(Beginning of Stored data)

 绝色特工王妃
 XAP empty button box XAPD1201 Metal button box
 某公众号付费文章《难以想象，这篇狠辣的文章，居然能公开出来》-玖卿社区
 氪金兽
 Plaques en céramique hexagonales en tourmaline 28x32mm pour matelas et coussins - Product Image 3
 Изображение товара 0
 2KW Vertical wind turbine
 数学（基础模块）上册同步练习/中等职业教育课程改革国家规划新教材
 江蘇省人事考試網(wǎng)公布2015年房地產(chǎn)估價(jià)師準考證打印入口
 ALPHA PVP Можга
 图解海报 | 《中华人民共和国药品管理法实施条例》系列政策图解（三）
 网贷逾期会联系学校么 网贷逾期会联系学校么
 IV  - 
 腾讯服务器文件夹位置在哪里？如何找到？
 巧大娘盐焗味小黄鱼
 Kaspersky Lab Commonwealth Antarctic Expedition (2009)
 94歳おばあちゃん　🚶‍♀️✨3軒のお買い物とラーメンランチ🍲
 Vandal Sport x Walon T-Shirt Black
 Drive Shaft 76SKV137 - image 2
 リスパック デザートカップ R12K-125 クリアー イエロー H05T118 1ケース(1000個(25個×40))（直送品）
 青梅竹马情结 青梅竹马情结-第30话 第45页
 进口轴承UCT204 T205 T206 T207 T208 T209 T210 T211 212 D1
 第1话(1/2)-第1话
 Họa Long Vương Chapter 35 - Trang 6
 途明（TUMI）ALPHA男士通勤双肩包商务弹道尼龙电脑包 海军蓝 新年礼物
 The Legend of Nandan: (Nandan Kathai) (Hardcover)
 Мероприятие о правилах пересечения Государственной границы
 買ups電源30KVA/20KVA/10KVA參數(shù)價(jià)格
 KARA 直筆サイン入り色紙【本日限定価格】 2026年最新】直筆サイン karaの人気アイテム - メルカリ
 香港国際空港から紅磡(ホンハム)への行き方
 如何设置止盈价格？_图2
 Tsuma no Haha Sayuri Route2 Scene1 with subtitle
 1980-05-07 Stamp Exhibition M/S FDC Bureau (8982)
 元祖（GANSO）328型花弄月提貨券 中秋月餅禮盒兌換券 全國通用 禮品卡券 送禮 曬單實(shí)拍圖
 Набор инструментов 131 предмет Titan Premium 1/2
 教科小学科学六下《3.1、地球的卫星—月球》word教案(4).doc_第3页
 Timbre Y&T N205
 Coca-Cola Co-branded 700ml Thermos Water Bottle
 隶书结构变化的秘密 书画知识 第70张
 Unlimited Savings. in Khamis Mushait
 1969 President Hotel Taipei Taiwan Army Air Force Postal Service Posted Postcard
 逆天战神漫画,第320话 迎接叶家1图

(End of Stored data)

Extract, please, the lines from the start of the entries above through the one with "買ups電源30KVA/20KVA/10KVA參數(shù)價(jià)格", both included, reproducing each exactly and adding nothing.

* Answer box
 绝色特工王妃
 XAP empty button box XAPD1201 Metal button box
 某公众号付费文章《难以想象，这篇狠辣的文章，居然能公开出来》-玖卿社区
 氪金兽
 Plaques en céramique hexagonales en tourmaline 28x32mm pour matelas et coussins - Product Image 3
 Изображение товара 0
 2KW Vertical wind turbine
 数学（基础模块）上册同步练习/中等职业教育课程改革国家规划新教材
 江蘇省人事考試網(wǎng)公布2015年房地產(chǎn)估價(jià)師準考證打印入口
 ALPHA PVP Можга
 图解海报 | 《中华人民共和国药品管理法实施条例》系列政策图解（三）
 网贷逾期会联系学校么 网贷逾期会联系学校么
 IV  - 
 腾讯服务器文件夹位置在哪里？如何找到？
 巧大娘盐焗味小黄鱼
 Kaspersky Lab Commonwealth Antarctic Expedition (2009)
 94歳おばあちゃん　🚶‍♀️✨3軒のお買い物とラーメンランチ🍲
 Vandal Sport x Walon T-Shirt Black
 Drive Shaft 76SKV137 - image 2
 リスパック デザートカップ R12K-125 クリアー イエロー H05T118 1ケース(1000個(25個×40))（直送品）
 青梅竹马情结 青梅竹马情结-第30话 第45页
 进口轴承UCT204 T205 T206 T207 T208 T209 T210 T211 212 D1
 第1话(1/2)-第1话
 Họa Long Vương Chapter 35 - Trang 6
 途明（TUMI）ALPHA男士通勤双肩包商务弹道尼龙电脑包 海军蓝 新年礼物
 The Legend of Nandan: (Nandan Kathai) (Hardcover)
 Мероприятие о правилах пересечения Государственной границы
 買ups電源30KVA/20KVA/10KVA參數(shù)價(jià)格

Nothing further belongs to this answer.